_What you are asked to do_: What the task requires is an exact printout of the listing below, pictures excluded.

_Recorded information_:
+ + +

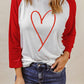Contrast Baseball Sleeve Heart Graphic Top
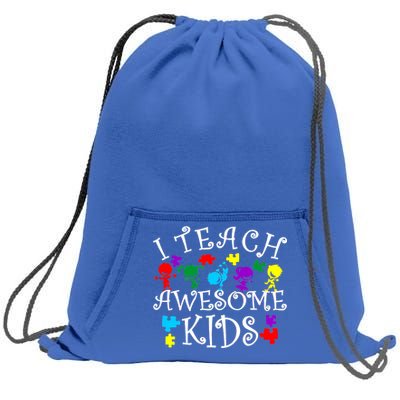 I Teach Awesome Kids Autism Awareness Teacher Sweatshirt Cinch Pack Bag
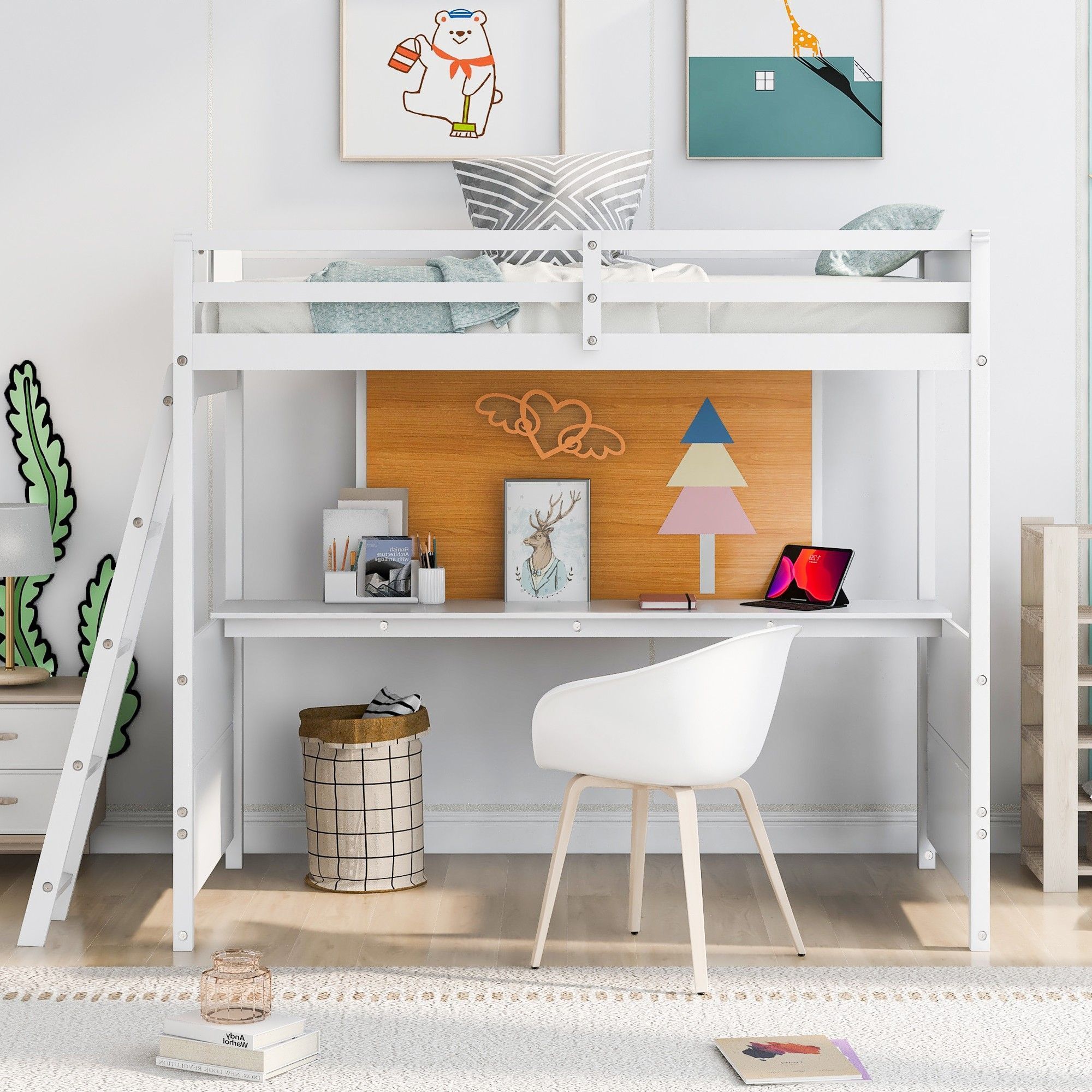 Twin Size Loft Bed with Built-in Desk, Storage Shelves and Drawers, White - ModernLuxe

+ + +

_Response to this task_:
Contrast Baseball Sleeve Heart Graphic Top
 I Teach Awesome Kids Autism Awareness Teacher Sweatshirt Cinch Pack Bag
 Twin Size Loft Bed with Built-in Desk, Storage Shelves and Drawers, White - ModernLuxe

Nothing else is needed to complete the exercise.